Writer focuses on brand consistency. If you are a larger organization with multiple people producing copy, Writer's style guide enforcement and brand voice features are genuinely useful.
The honest truth: the tool matters less than your prompting skill and editing process. A skilled copywriter with any of these tools will produce better output than a novice with the "best" tool.
The Editing Checklist
After generating AI copy, run through this checklist before publishing:
1. The Specificity Check. Find every generic claim. Replace it with a specific one. "Helps you grow" becomes "helped 340 DTC brands increase repeat purchase rate by 18%."
2. The Hedge Hunt. Search for "may," "might," "could," "potentially," "help," "can." Either make the claim stronger or cut the sentence.
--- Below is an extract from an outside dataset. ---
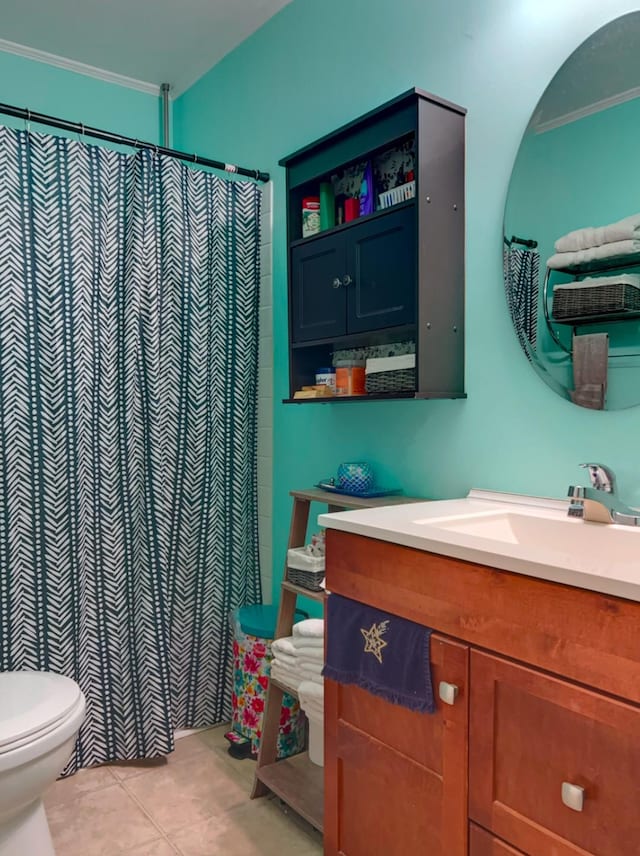 bathroom with toilet, vanity, tile patterned flooring, and crown molding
3. The Voice Test. Read it aloud. Does it sound like you? Or does it sound like LinkedIn on a Monday morning? Edit until it sounds like something you would actually say.
4. The "So What" Test. After every sentence, ask "so what?" If the answer is not obvious, the sentence needs to either make its point clearer or get cut.
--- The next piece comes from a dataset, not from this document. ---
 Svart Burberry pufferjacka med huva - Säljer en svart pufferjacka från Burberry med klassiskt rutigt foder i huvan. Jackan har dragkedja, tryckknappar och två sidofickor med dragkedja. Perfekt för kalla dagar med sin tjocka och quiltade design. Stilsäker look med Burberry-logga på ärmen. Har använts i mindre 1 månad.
5. The Proof Test. Every claim should have a proof point within two sentences. No proof? Add it or remove the claim.
6. The Jargon Sweep. Flag every industry term. Is your audience guaranteed to know it? If not, explain it or replace it.
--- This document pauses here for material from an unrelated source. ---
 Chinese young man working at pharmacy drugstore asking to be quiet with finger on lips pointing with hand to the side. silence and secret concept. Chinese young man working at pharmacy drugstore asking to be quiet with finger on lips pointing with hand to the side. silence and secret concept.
7. The Length Cut. Take your final copy and cut 20%. Almost all AI copy is too long. Cutting forces you to keep only what earns its place.
Common Mistakes and How to Avoid Them
Mistake: Using AI output as final copy. AI gives you a first draft. Always. Treating it as finished work produces mediocre results and trains your audience to tune you out.
Mistake: Not providing examples. The single highest-leverage thing you can do in an AI copywriting prompt is include examples. Examples of what you want. Examples of what you do not want. The AI learns more from three good examples than from three paragraphs of instructions.
Mistake: Asking for one version. Always generate multiple variations. The best output is rarely the first one. Ask for five to ten versions and pick the best elements from each.
Mistake: Forgetting the audience context. AI does not know your audience unless you tell it. The more specific your audience description, the more targeted the output. "SaaS founders with $1-5M ARR who are struggling with churn" beats "business owners."
Mistake: Ignoring the format constraints. A headline has different rules than body copy. An email subject line has different rules than a blog title. Always specify the format, the character limits, and the platform.
Building Your AI Copywriting Workflow
Here is the workflow I recommend for teams adopting AI copywriting:
Week 1-2: Build your brand voice prompt. Collect examples, extract patterns, write the prompt, test it against real copy needs.
Week 3-4: Create prompt templates for your three most common copy types. Headlines, emails, and ads are where most teams start. Build the templates, test them, refine based on output quality.
Month 2: Establish the editorial workflow. Who generates the AI drafts? Who edits? What is the quality bar? Create a lightweight checklist (use mine above as a starting point) and make it part of the process.
Month 3 and beyond: Measure and optimize. Track which AI-assisted copy performs better or worse than fully human copy. Use the data to refine your prompts and editing process. Build a library of your best-performing prompt-output pairs.
The Bottom Line
AI copywriting is not about replacing human copywriters. It is about making them faster and more prolific. The best results come from combining AI speed with human judgment — AI for volume and structure, humans for voice and specificity.
The companies that win with AI copywriting will not be the ones with the best tools. They will be the ones with the best editing processes and the clearest understanding of their own brand voice.
Start with the workflow. Build your brand voice prompt. Create your prompt templates. Edit ruthlessly. The AI is the easy part. The discipline is what makes it work.